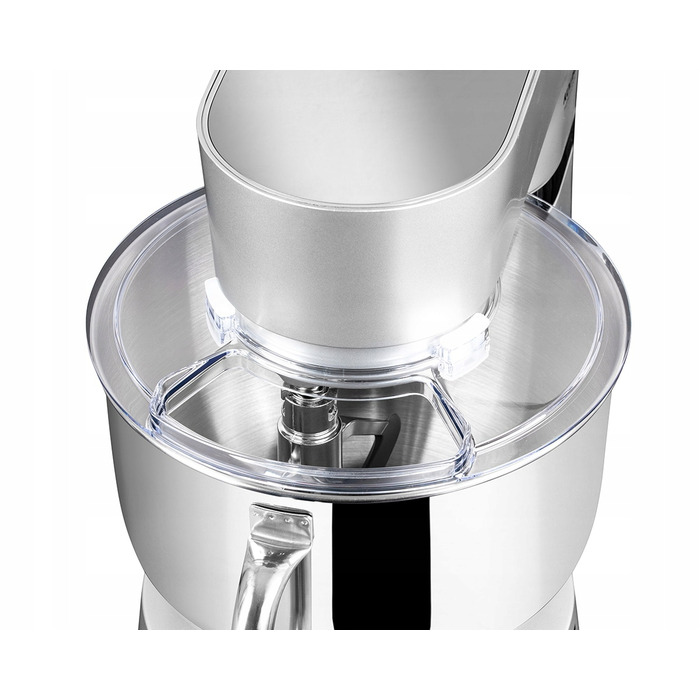 Кухонний комбайн Koliber ROBOMAX X-3200-W 2000 Вт, сріблястий/сірий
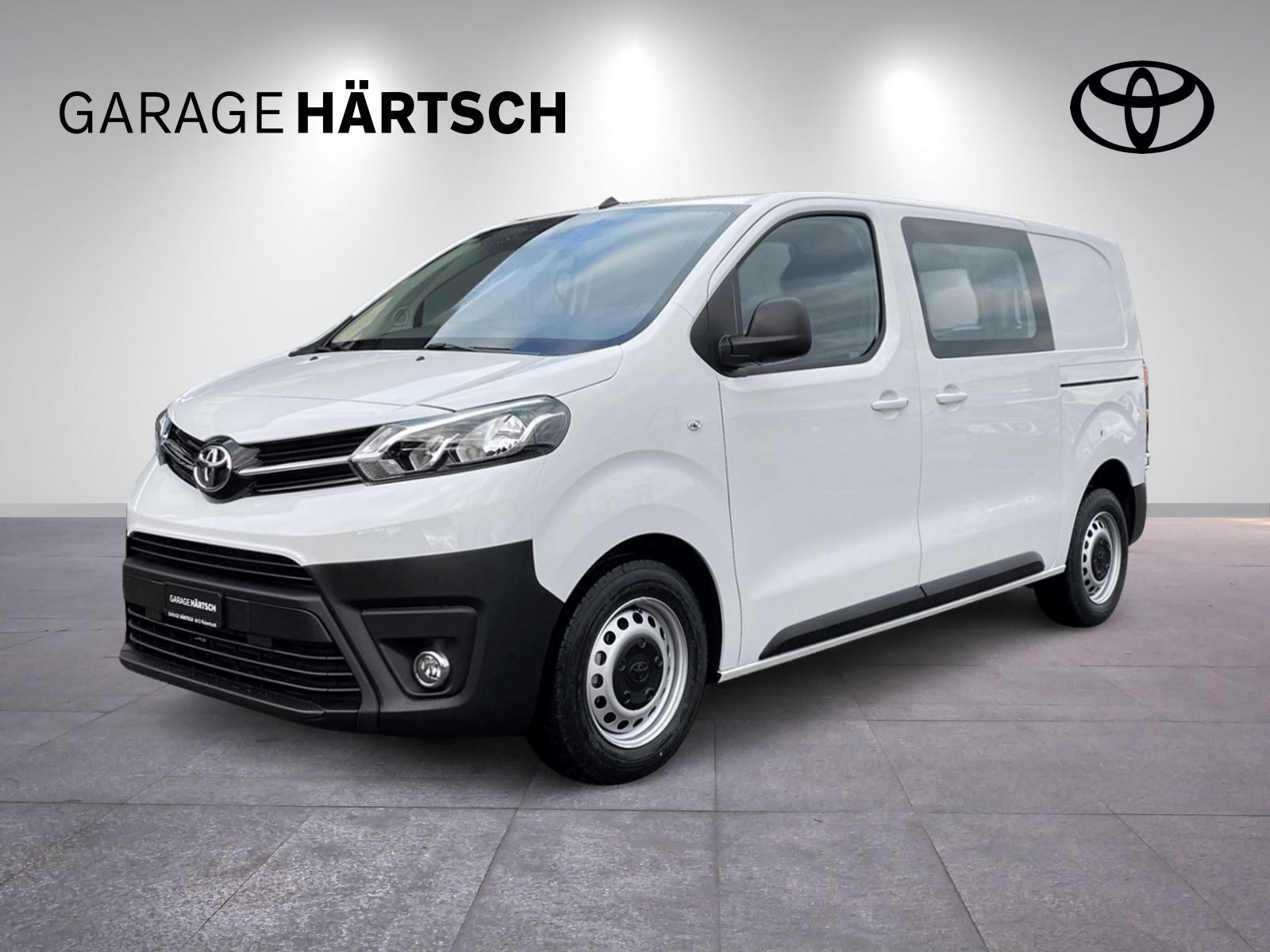 TOYOTA PROACE Van L1 2.0 D Comfort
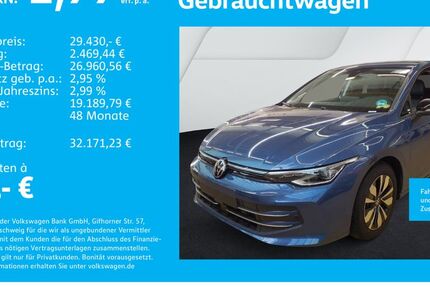 VW Golf 26.006 km 29.430 € Stuttgart-Wangen 70188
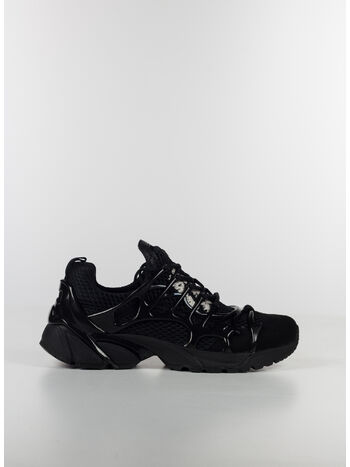 SCARPA SYMBIONT, P363 BLACK	+	GLOW EMB, small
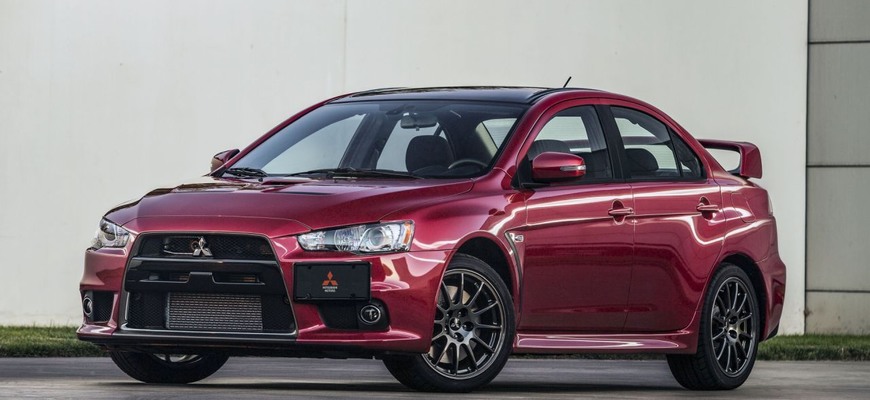 Nové Mitsubishi Lancer Evo zatiaľ nebude. Akcionári však žiadajú jeho návrat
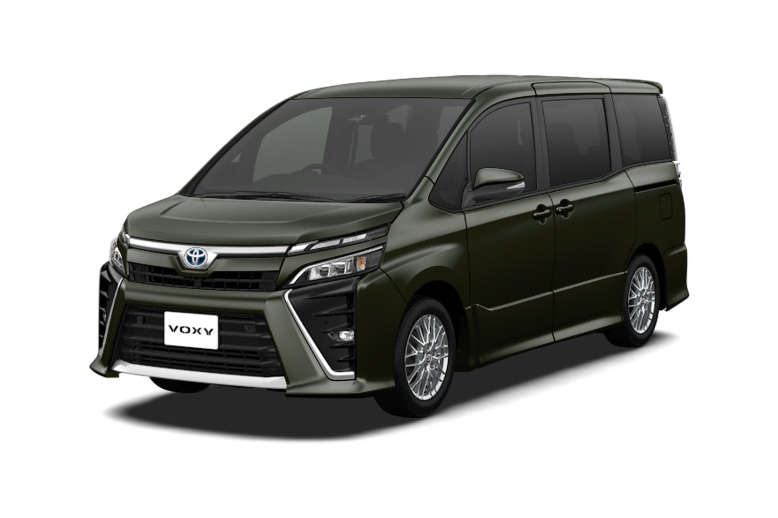 イナズマスパーキングブラックガラスフレーク〈224〉フロントサイド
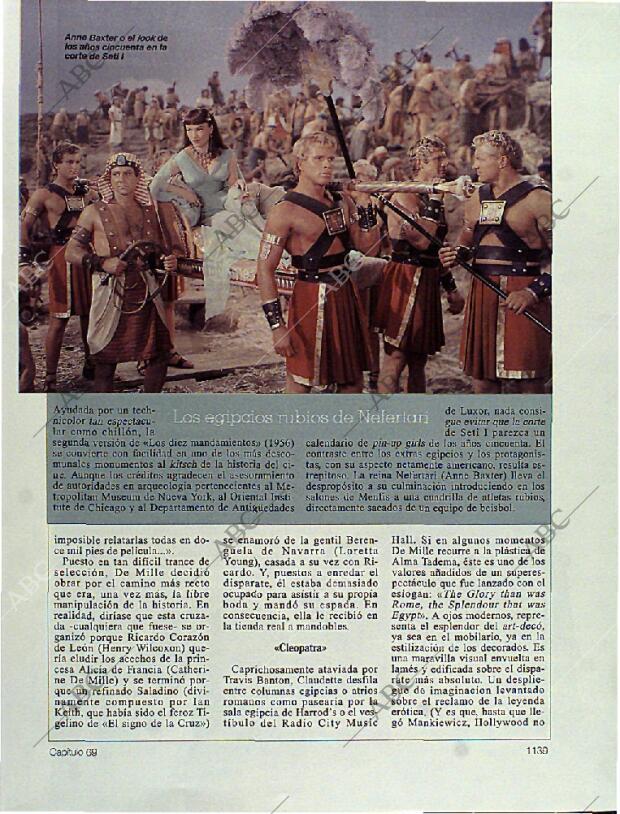 BLANCO Y NEGRO MADRID 14-07-1996 página 53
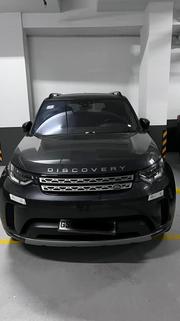 Land Rover Discovery HSE Luxury 4x4 2017 Black for sale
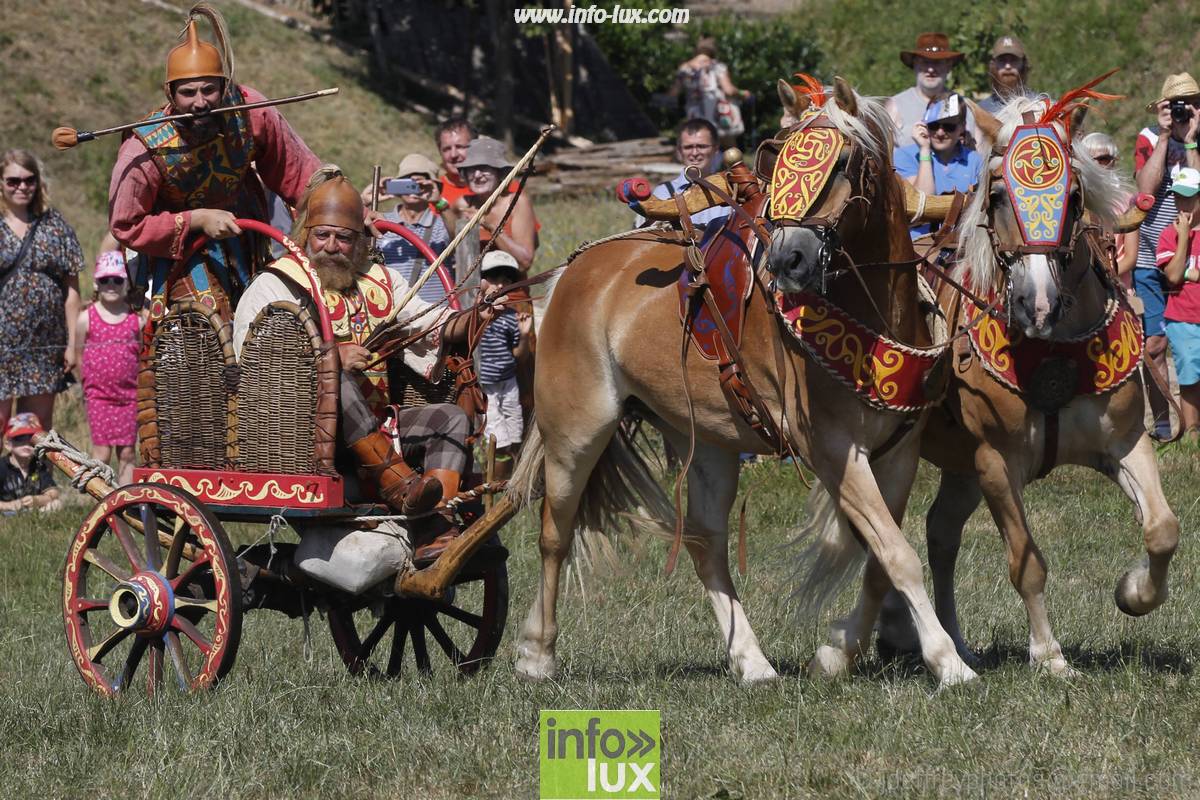 Photos de la Fête Gallo Romaine à Habay – Mageroy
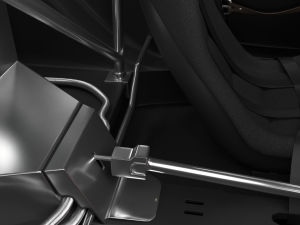 Porsche 935 K2 1977 Kremer Racing 3D 模型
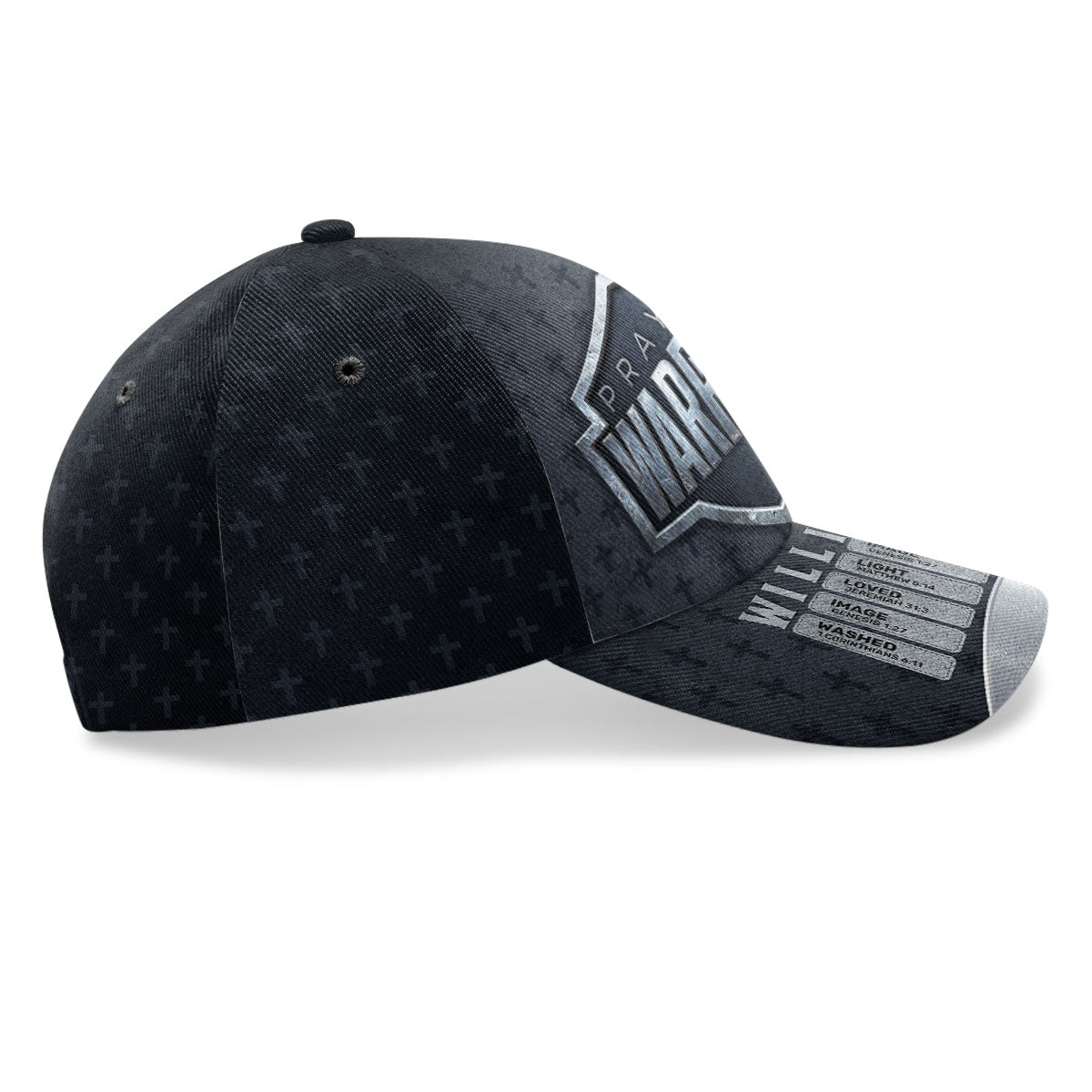 Prayer Warrior - Custom Cap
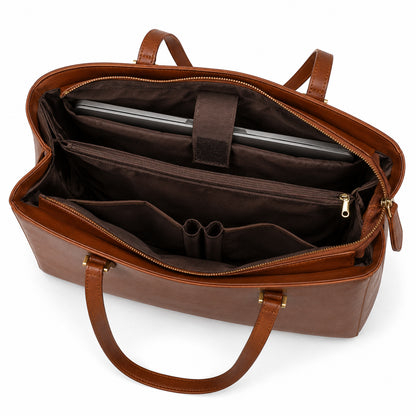 YOSAN Sac Ordinateur Chic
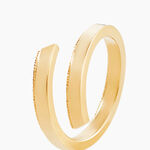 Bague Gualtiero Or Jaune - Bagues Femme | Histoire d&rsquo;Or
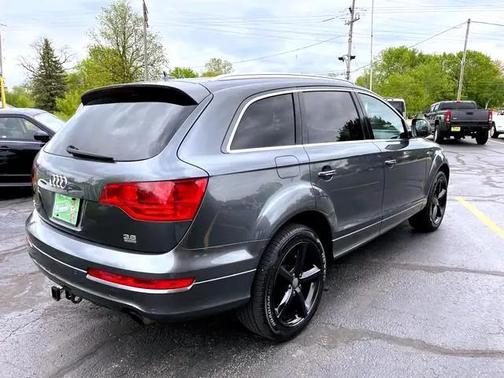 2007 Audi Q7 3.6 Premium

════════════════

* Activity: Leave out the pictures, and write out exactly the lines from the one containing "Bague Gualtiero Or" through the last line of the listing, both included.

* Final answer:
 Bague Gualtiero Or Jaune - Bagues Femme | Histoire d&rsquo;Or
 2007 Audi Q7 3.6 Premium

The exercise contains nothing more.